• [Goal of the exercise]:
Each entry that follows is to be duplicated exactly, without its images.

Content starts

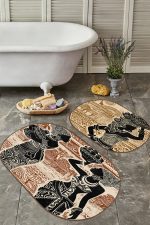 - RealHomes - Realhomes  Kahverengi Etnik Afrika Kadın Tasarımlı 2'li Oval Kaymaz Tabanlı Banyo & Mutfak Paspas Takımı Realhomes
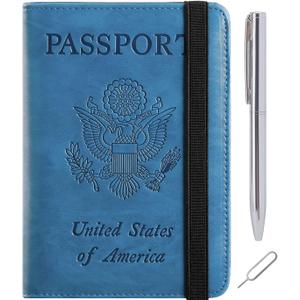 Passport Holder Cover Wallet Travel Essentials RFID Blocking Leather Card Case International Must Haves Travel Accessories for Women Men(113#Blue)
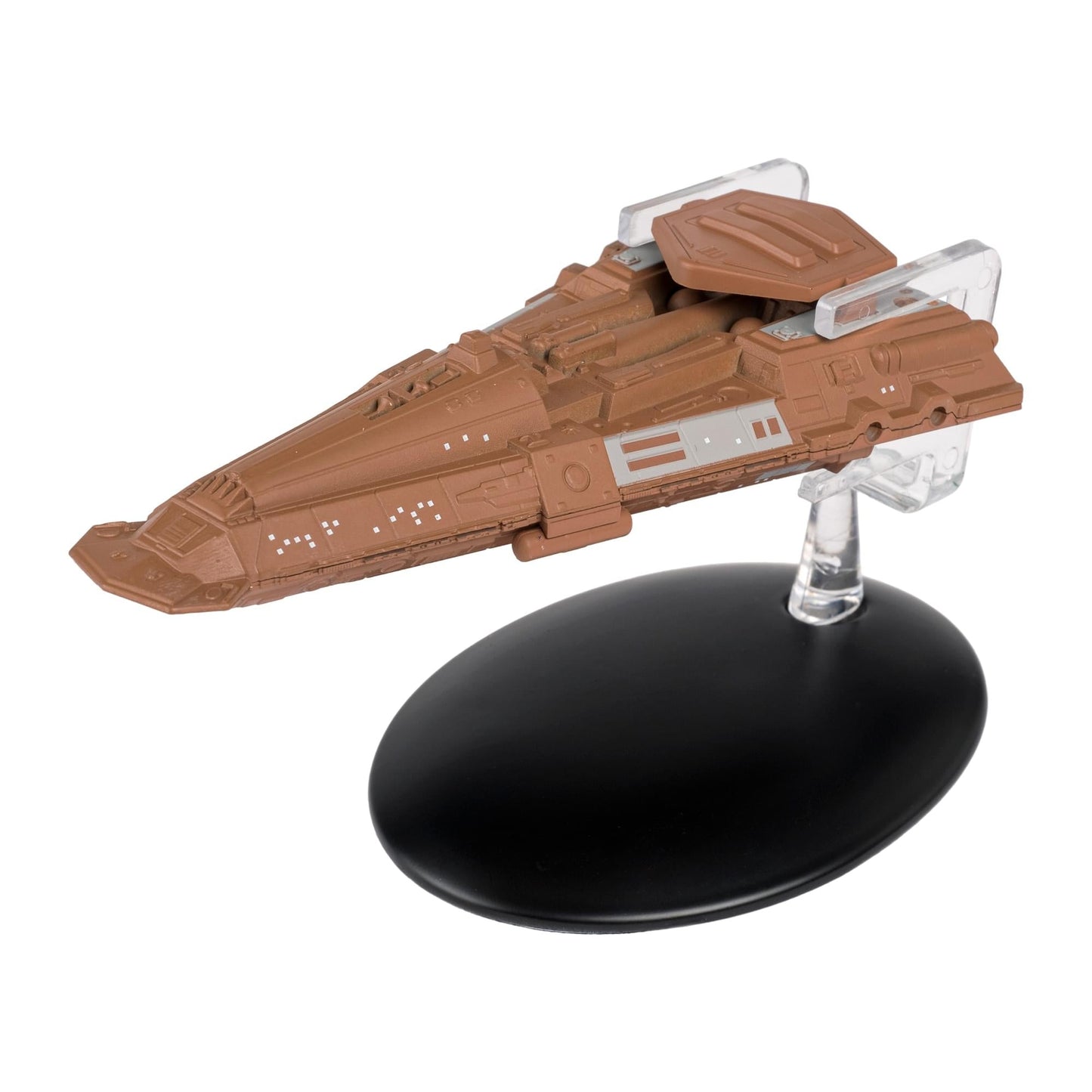 Three-quarter front view of the Bajoran Freighter ship replica showing the utilitarian Antares-class hull design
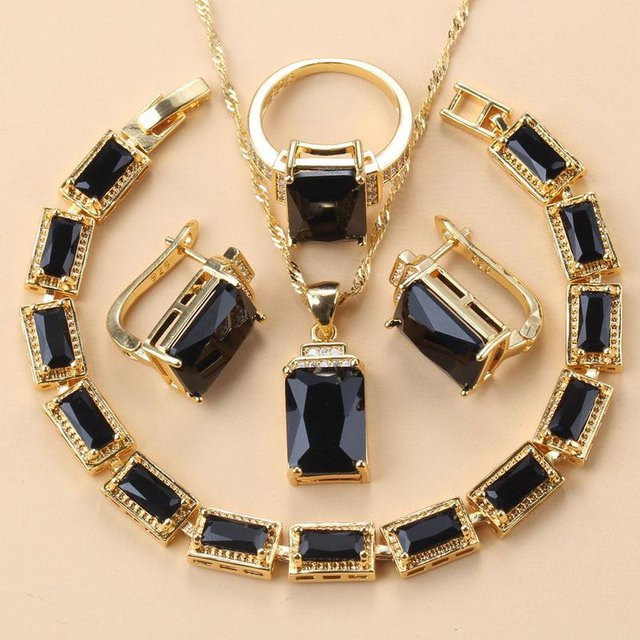 Schmuckset Messing, Gold, Zirkonia, Damen - Bild 1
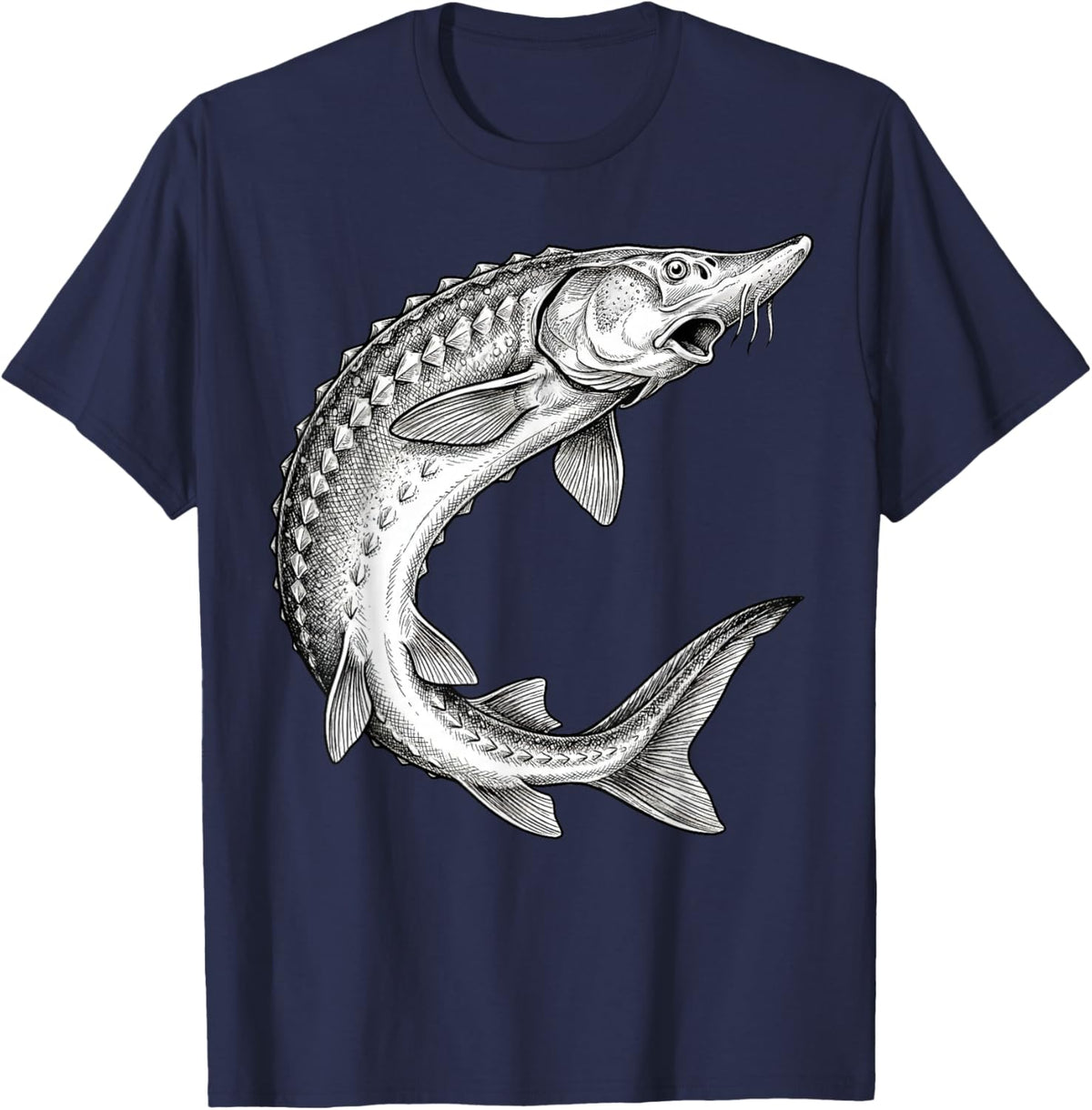 Vintage Sturgeon Fish Fishing Fisherman Angler T-Shirt - T-Shirt | Navy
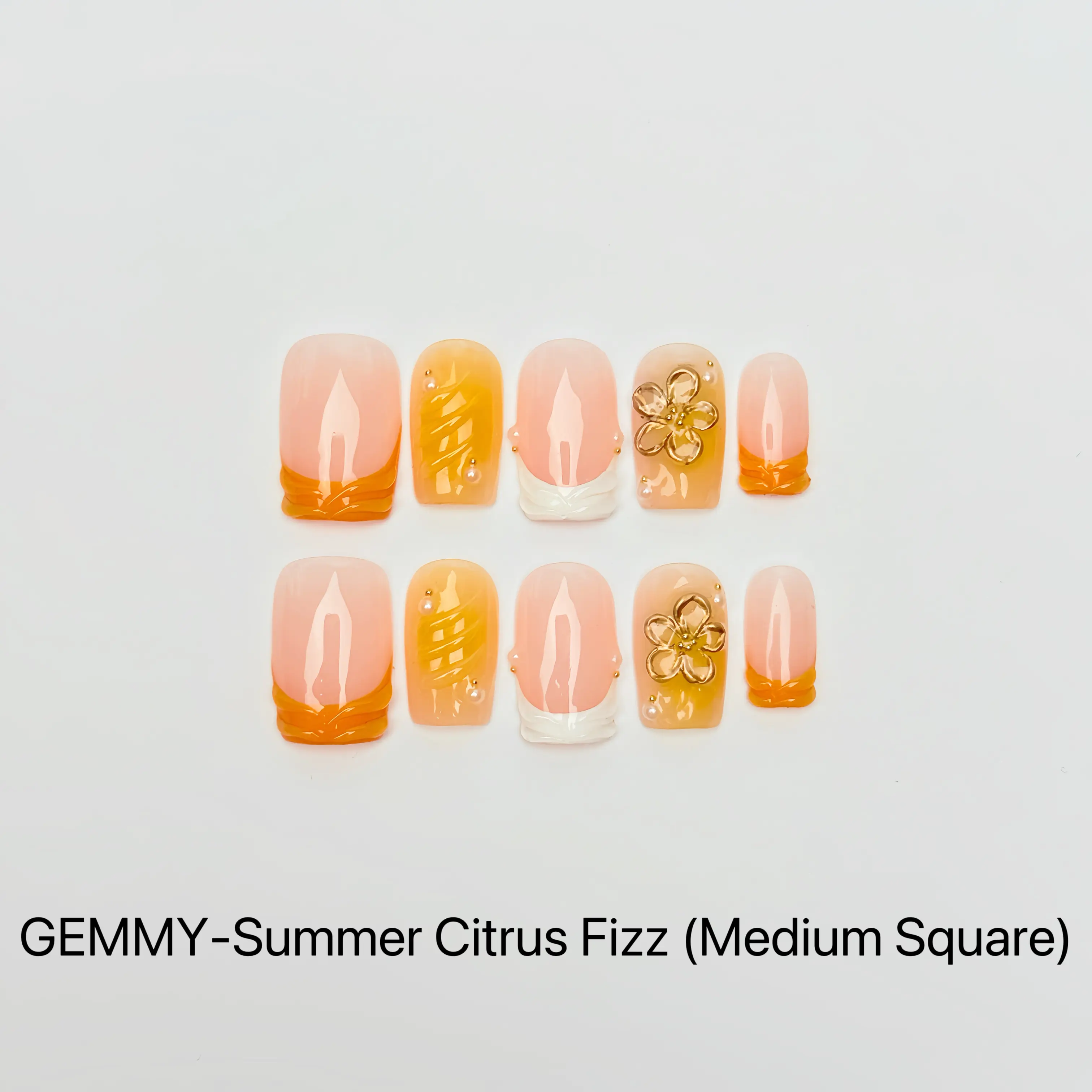 GEMMYNail Summer Citrus Fizz 100% Handcrafted 3D Press-On Nails | Reusable, Long-Lasting, Salon-Quality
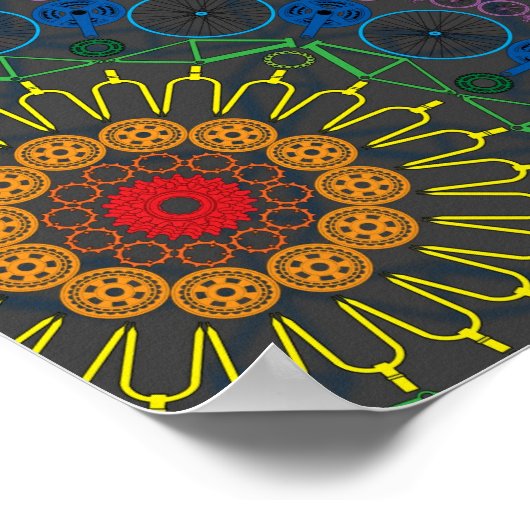 Rainbow Bicycle Mandala Array Poster (Hoek)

Content ends

• [Response for this exercise]:
 - RealHomes - Realhomes  Kahverengi Etnik Afrika Kadın Tasarımlı 2'li Oval Kaymaz Tabanlı Banyo & Mutfak Paspas Takımı Realhomes
 Passport Holder Cover Wallet Travel Essentials RFID Blocking Leather Card Case International Must Haves Travel Accessories for Women Men(113#Blue)
 Three-quarter front view of the Bajoran Freighter ship replica showing the utilitarian Antares-class hull design
 Schmuckset Messing, Gold, Zirkonia, Damen - Bild 1
 Vintage Sturgeon Fish Fishing Fisherman Angler T-Shirt - T-Shirt | Navy
 GEMMYNail Summer Citrus Fizz 100% Handcrafted 3D Press-On Nails | Reusable, Long-Lasting, Salon-Quality
 Rainbow Bicycle Mandala Array Poster (Hoek)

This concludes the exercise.